Risa mengerang dan mencoba untuk menahan posisi untuk tidak tertarik oleh seseorang yang tak dikenal. Risa hanya melihat sosok pria itu yang jauh lebih tinggi daripada tubuhnya, pria itu pun mengganjal pintu itu dengan dua kursi untuk mengunci ruangan tersebut.
Risa pun hanya bisa mengerang dan pria itu membalikan badan, dan ia tak menyangka, bahwa seseorang itu adalah Hadi. orang yang ia benci dan seseorang yang ingin ia sumpahi untuk takkan pernah mengejar pria yang telah membuat dirinya kecewa begitu dalam.

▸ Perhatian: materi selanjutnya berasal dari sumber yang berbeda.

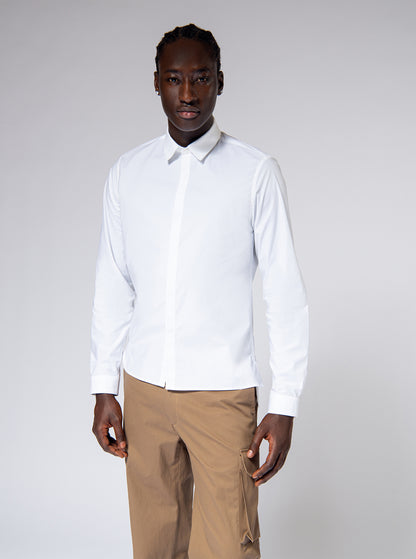 white strech cotton shirt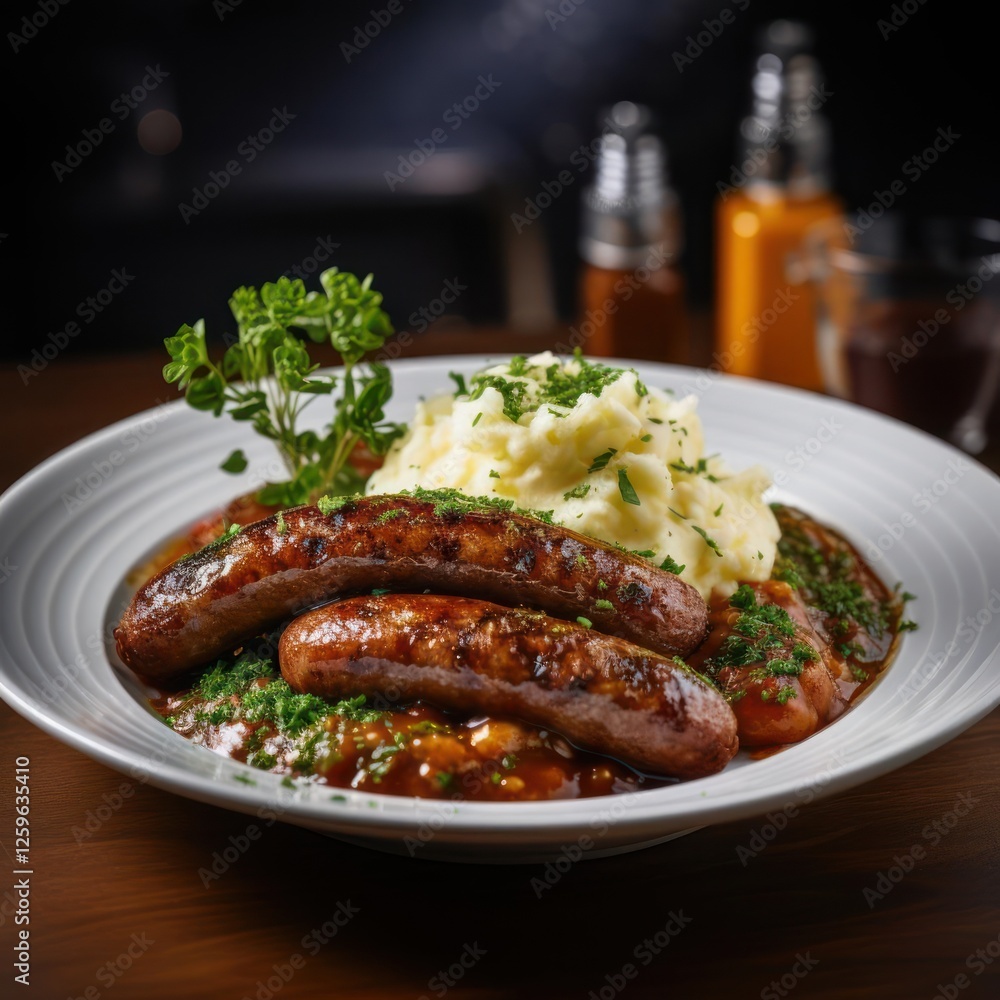 Delicious sausages and mashed potatoes on a plate Delicious sausages and mashed potatoes on a plate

Akan tetapi, ketika Risa mencoba untuk keluar dari ruangan itu, Hadi tetap menahan tangan Risa yang masih memberontak dengan memukul-mukul badan Hadi melalui buku-buku yang ia genggam di tangan kanannya.

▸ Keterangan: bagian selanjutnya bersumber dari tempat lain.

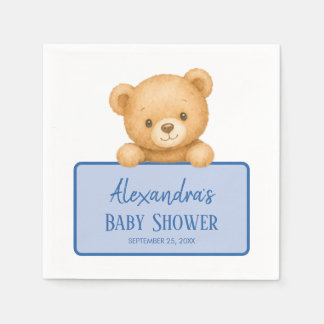 Süßer brauner Teddybär blaue Babyparty für Jungen Serviette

Maumu apa, Hadi?! Kau sudah jadian dengan Nanda ya kau berjalan saja dengan gadis itu! menjauhlah dariku! Usir Risa dengan tegas, namun raut wajah Hadi pun menampakkan raut wajah kesedihan dan penyesalan.
Maafkan Aku, Ris, atas kesalah pahaman sabtu kemarin... ungkap Hadi dengan penuh sesal, Risa pun tak menggubris apa yang diungkap oleh Hadi dan ingin segera menyingkirkan kursi yang mengganjal pintu tapi tangannya ditahan Hadi dan membalikkan badan Risa untuk memperhatikannya.

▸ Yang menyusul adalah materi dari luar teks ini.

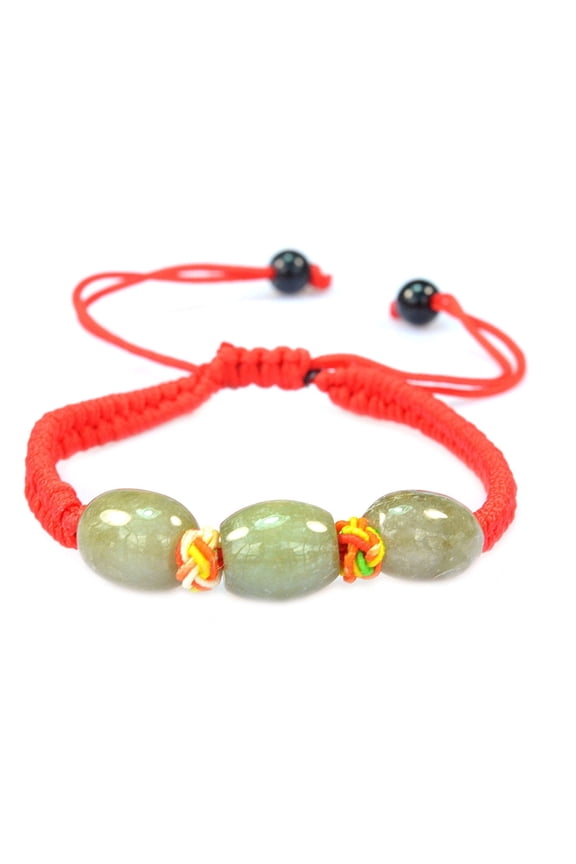 Beautiful Jade Stone Red String Bracelet - For Good Luck and Prosperity - 91051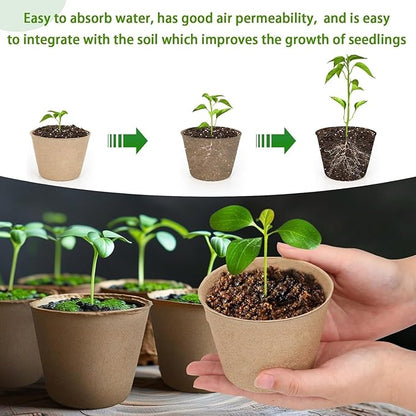 Augshy 3.15 Inch Peat Pots, 80 Pack Seed Starter Nursery Pots Round Plant Seedling with Drainage Holes for Garden Nursery Kits Seedlings Seed Starting Tray with 80 Plant Labels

Ris, dengarkan aku dulu! Hadi yang memohon untuk kali keduanya. Dan Risa pun menatap Hadi dengan bermuram durja. Tak ada penjelasan lagi bagi Risa, karena dia sudah jelas bahwa pria yang menjadi lawan bicara Risa itu mencium dengan seorang gadis dan masih menyimpan rasa dengan gadis yang merundunginya beberapa waktu lalu.
Apa yang kamu ingin jelaskan? Bukankah kau masih menyimpan rasa dengan gadis itu sehingga kau mencium Nanda, begitu bukan? Sudahlah! Aku tak bisa seperti ini terus! Tegas Risa yang berterus terang akan sakit hati yang ia rasa.
Tetapi Hadi pun memegang lembut bahu Risa, dan ia menatap gadis berambut pendek itu dengan tatapan mendalam.
Dengar, aku pun juga difitnah oleh Nanda. Risa. Ciuman itu juga paksaan dari Nanda, dan lihat mataku, apakah aku ini berbohong padamu? Tatapan Hadi pun kini tak bisa berbohong—tak ada getaran atau gestur tubuh yang menandakan kepalsuan dari pria itu.
Risa pun terdiam, dan memperhatikan Hadi dengan tatapan penuh tanya. Tetapi, Hadi pun melanjutkan untuk mengungkap apa yang terjadi pada dirinya, meski begitu, Mata Risa tak lagi bisa membendung rasa kecewa—ada rasa sakit yang tak bisa dijelaskan, dan ada segelintir rasa kecewa yang terlalu mengusik dirinya bagai paku-paku yang menusuk dalam hati Risa.
KAMU SEDANG MEMBACA
SURAT TERBUKA DARI YANG TERBUNGKAM [✅]
De TodoKepada Yth: Siapa pun membaca surat ini. Ia tak bersuara bukan berarti bisa kau semena-menakan, Ia tak mendengar bukan berarti dengan mudahnya kau hina. Ia terdiam bisa jadi mengingat semua perbuatan kejimu, Dan membalas semua perbuatanmu dalam d...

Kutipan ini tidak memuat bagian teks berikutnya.